In this case, it looks like PCL F# projects in VS don't use the PCL flavor, and the PCL flavor in VS can't actually be combined with the F# flavor. I presume that in VS the F# flavor supports PCL directly. Unfortunately, it looks like F# PCL projects from VS rely on a level on MSBuild integration that XS simply doesn't have at this time.

object commented 10 years ago

This is quite unfortunate because the whole purpose of PCL projects is to be shared across different platforms, and apparently an F# PCL created using XS won't load into VS that is required to develop applications for the platforms not supported by Xamarin.

@mhutch, @dsyme, @7sharp9, if this issue can not be resolved shortly, do you see any practical workaround to enable use of F# PCLs both in VS and XS?

7sharp9 commented 10 years ago

@object I implemented the PCL in the F# addin to give the flexibility that C# allows, but this means that you would not get round trips between VS. A less flexible solution would work between both.
E.g a legacy PCL project fixed to profile 47 and a standard PCL project fixed at profile 7

object commented 10 years ago

I see, thanks.

7sharp9 commented 10 years ago

Closing as XS has a limitation in its project templating that means the template doesn't create a PCL project that can be compiled with VS.

We're looking into other ways to create the project besides using an XS template.

banshee commented 10 years ago

Wait, what? I'm very confused.

The main use case for creating PCL projects in Xamarin Studio is to support F# libraries across platforms like iOS and Android. Ability to open PCL projects in Visual Studio is something that wouldn't be bad, but it's certainly not important.

7sharp9 commented 10 years ago

You can open both types of PCL created in VS2012/13 in Xamarin Studio, you just can't create them in Xamarin Studio.

7sharp9 commented 10 years ago

We could add support with a HUGE disclaimer saying it will not work with Visual Studio, or supply another means of generating the PCL project that are compatible.

ghost commented 10 years ago

Given the use case, maybe adding an "F# portable library for Xamarin Studio on OSX" would be right.

Making it portable to VS is not too hard but requires hand-editing the .fsproj.
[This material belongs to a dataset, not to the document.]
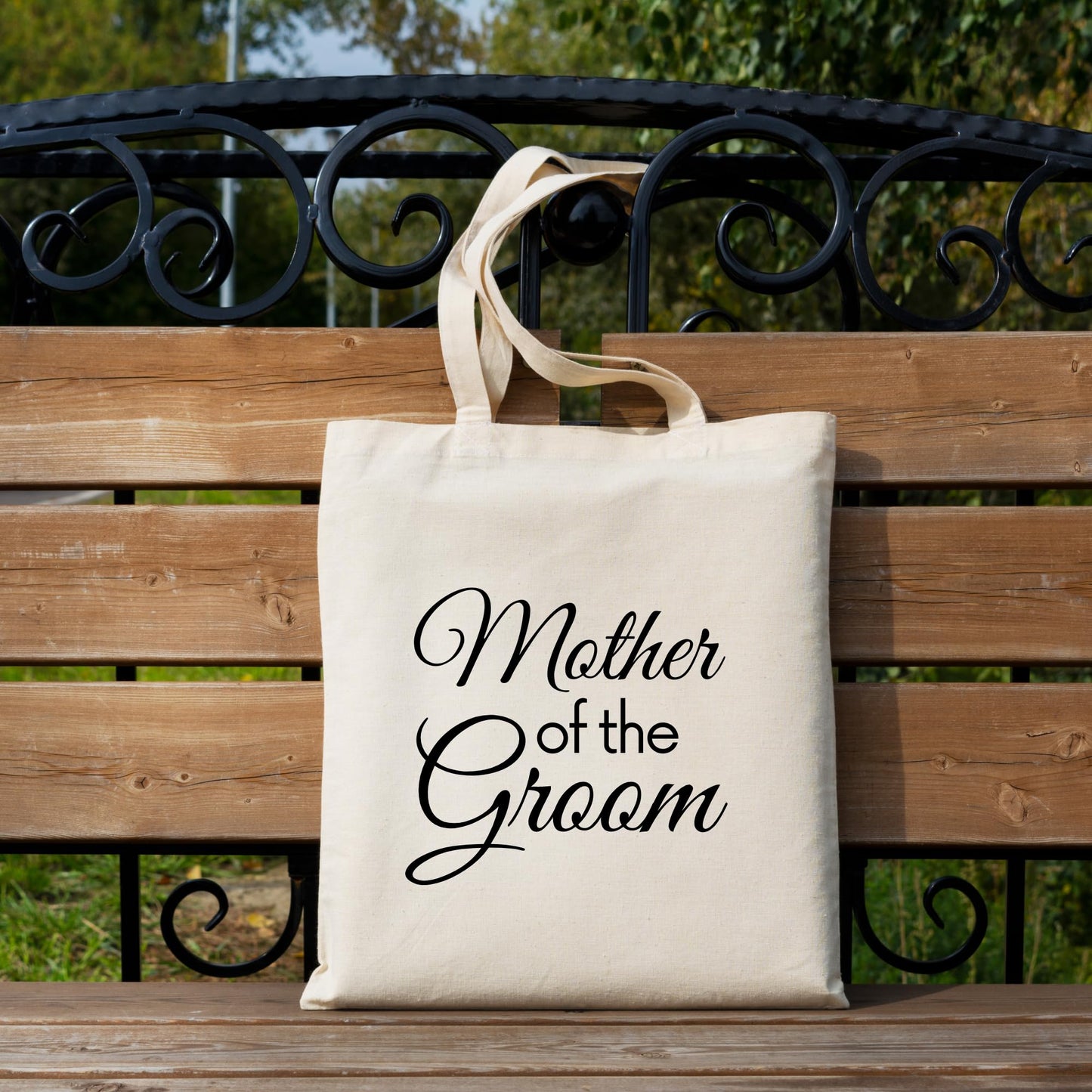 Be Buz Mother of the Groom Tote Bag Elegant and Spacious Reusable Bag for Weddings Gift for Mother of the Groom Bridal Party or Wedding Guests
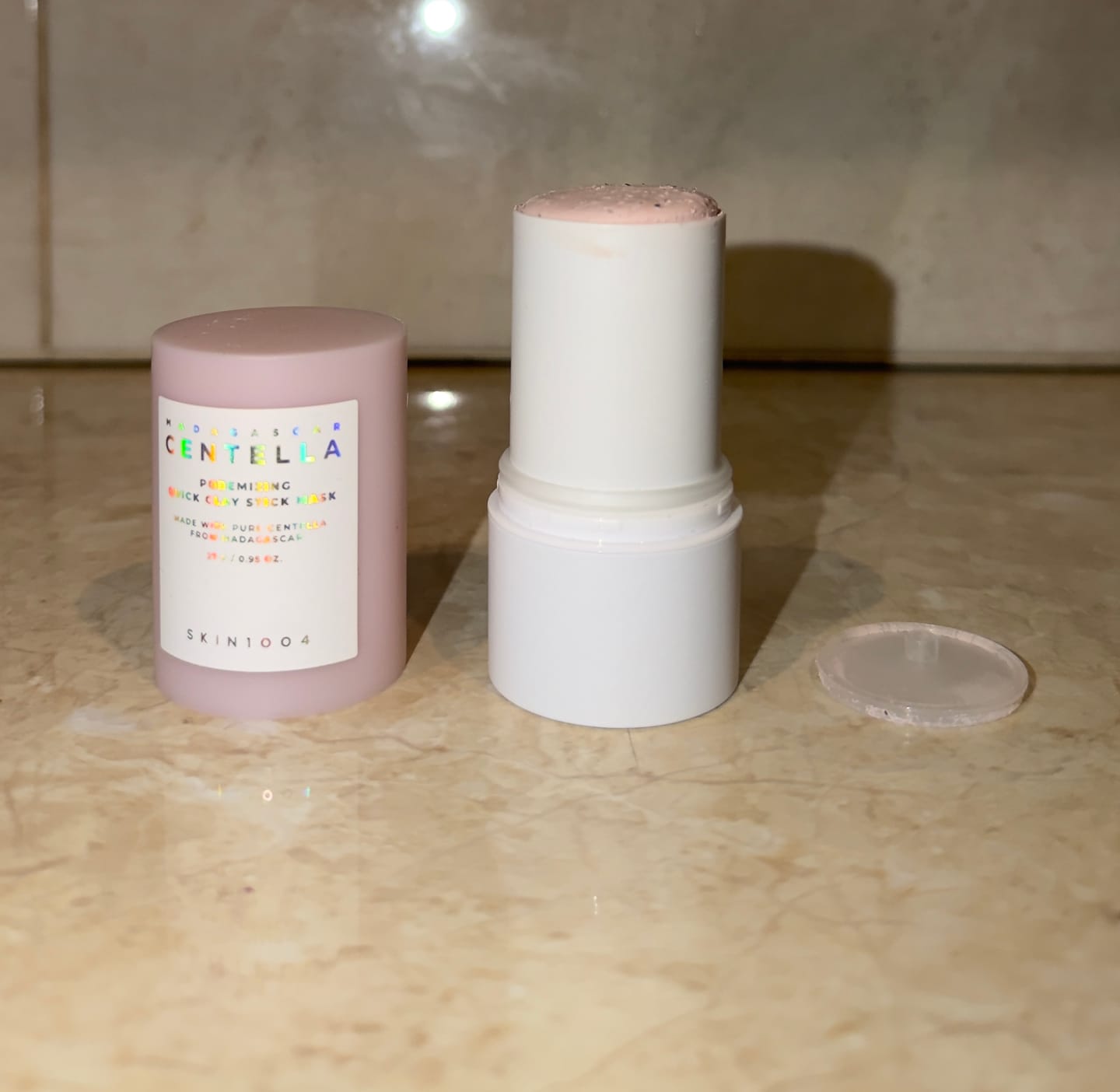 Customer photo review of Māla maska poru attīrīšanai zīmuļa formātā SKIN1004 Poremizing Quick Clay Stick Mask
We can't convince XS to make a project file like the one we need for VS portability, though it can consume one once made.

object commented 10 years ago

This is what I am planning to do on those rare occasions I will need to load into VS an F# PCL created with Xamarin Studio. Just edit it manually.

alexy commented 10 years ago

Does one need a full VS to create an F# PCL project? I'm running a VMWare with Windows on OSX with VS2013 Express Web and Desktop. However requiring a pro edition will limit this even further. My goal is to test-drive Xamarin iOS/Android development with F#, and it seems harder and harder...

alexy commented 10 years ago

@dsyme: ^^ worrysome! :(

ghost commented 10 years ago

@alexy No, you can do full F# PCL development using Xamarin Studio. It's just a minor limitation in XS's PCL project templating that's causing us issues right now.

ghost commented 10 years ago

I'm reopening this as this scenario will eventually be supported

7sharp9 commented 10 years ago

@alexy In the F# source there are standard PCL projects for both profile47/7 you can simply copy the project and modify, yeah its not ideal but at least you don't need VS

See here for all the standard projects.

alexy commented 10 years ago

Ah got it, so that was another reason to have them checked in the fsharp codebase.